A coalition of street safety advocates will hold a rally on the steps of City Hall tomorrow morning at 10 a.m., calling upon city leaders and agencies to step up the action on Vision Zero. The event will also serve as a memorial to victims of traffic violence.

Just in the last two weeks, six people have been killed in traffic crashes in SF and more have been injured, according to Walk SF. The latest death came this morning at about 6:15 a.m., when a 51-year-old woman was killed by a Golden Gate Transit bus driver while jogging in a crosswalk at Lombard Street and Van Ness Avenue. The driver was making a left turn — one of the most common factors causing deadly pedestrian crashes along one of the city’s most dangerous streets.

In total, 26 people have been killed in traffic crashes in SF this year, according to Walk SF.

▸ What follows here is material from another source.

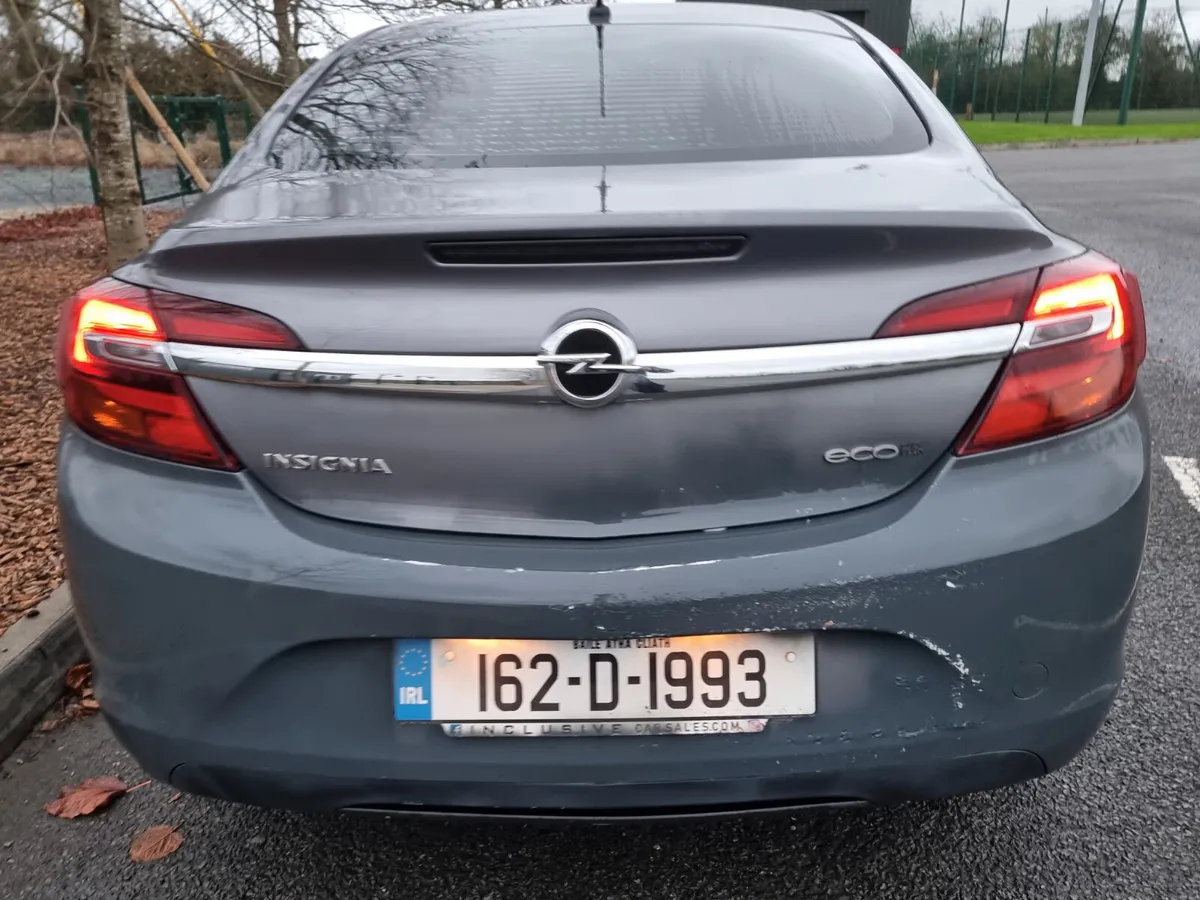 €2990 Opel Insignia 2016 diesel €2990 - Image 3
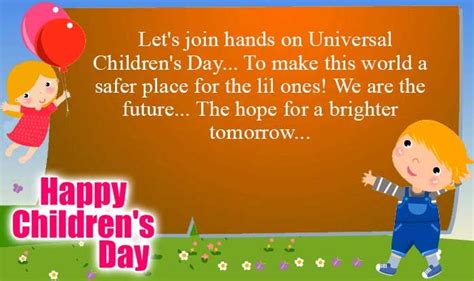 Happy Childrens Day Messages Wishes Sms Quotes Human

SF’s latest victim was killed at Van Ness and Lombard this morning. Photo: Anne Makovec/Twitter

“Enough is enough!,” the organization wrote in a message to its members today. “San Franciscans spoke loud and clear at the polls to make safety a priority for our streets, voting Yes to Prop A and B, and No to Prop L. Now, the City must not delay efforts to make Vision Zero — the goal to end ALL traffic-related deaths in ten years — a reality.”

The propositions Walk SF referred to were Props A and B, two transportation funding measures, and Prop L, the rejected cars-first measure which attacked pedestrian safety improvements. With all three votes, a majority of San Franciscans indicated that they want quicker action on safer streets.

The coalition gathering at tomorrow’s rally will include the South of Market Community Action Network, the Senior and Disability Action Network, Chinatown Community Development Center, the Central City SRO Collaborative, the SF Bicycle Coalition, Walk SF, and other community groups.

Eighteen people have been killed by drivers while walking in SF this year, 14 of whom were walking on the city’s most dangerous streets — the six percent of streets that account for 60 percent of serious and fatal injuries, Walk SF noted.